# [Work item]
Please transcribe the lines below exactly, and leave every image behind.

# [Given material]
-- -- --
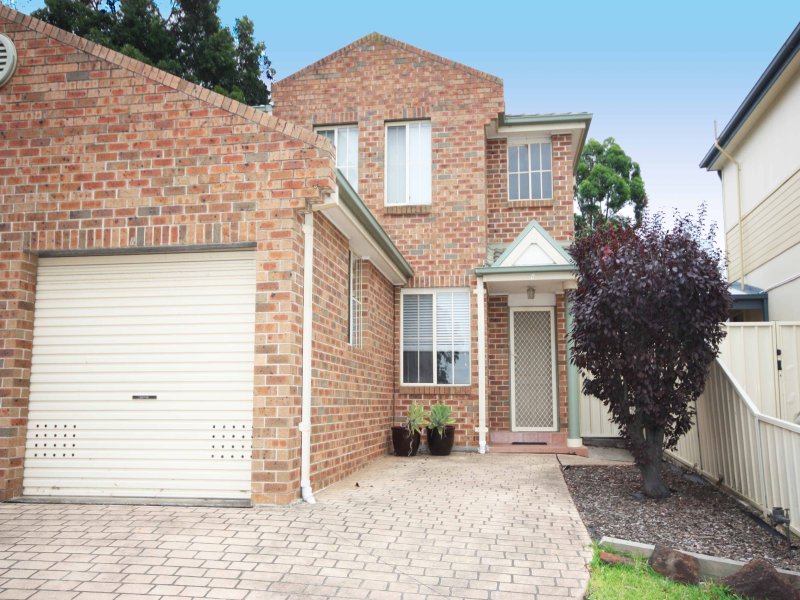 8/57 Murrandah Avenue, Camden, NSW 2570 Property Details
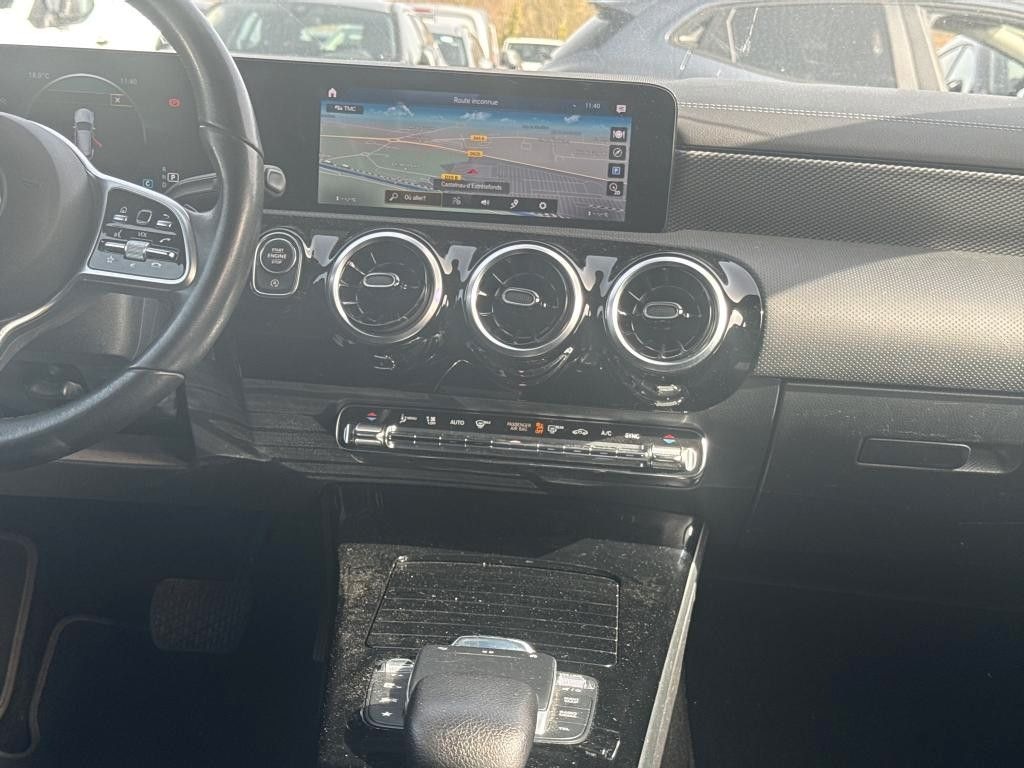 Mercedes-Benz CLA 200 Shooting brake 1.3 Ltr. Benzin 120 kW foto 9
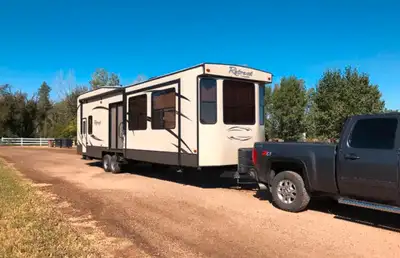 SPECIALIZING in 5TH WHEELS, DESTINATION TRAILERS and HOLIDAY TRAILERS. ========================= ===...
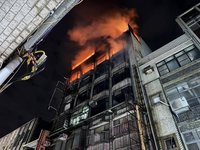 桃園大樓5至8樓全面燃燒　警方逮捕縱火犯嫌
-- -- --
# [Response for this exercise]
 8/57 Murrandah Avenue, Camden, NSW 2570 Property Details
 Mercedes-Benz CLA 200 Shooting brake 1.3 Ltr. Benzin 120 kW foto 9
 SPECIALIZING in 5TH WHEELS, DESTINATION TRAILERS and HOLIDAY TRAILERS. ========================= ===...
 桃園大樓5至8樓全面燃燒　警方逮捕縱火犯嫌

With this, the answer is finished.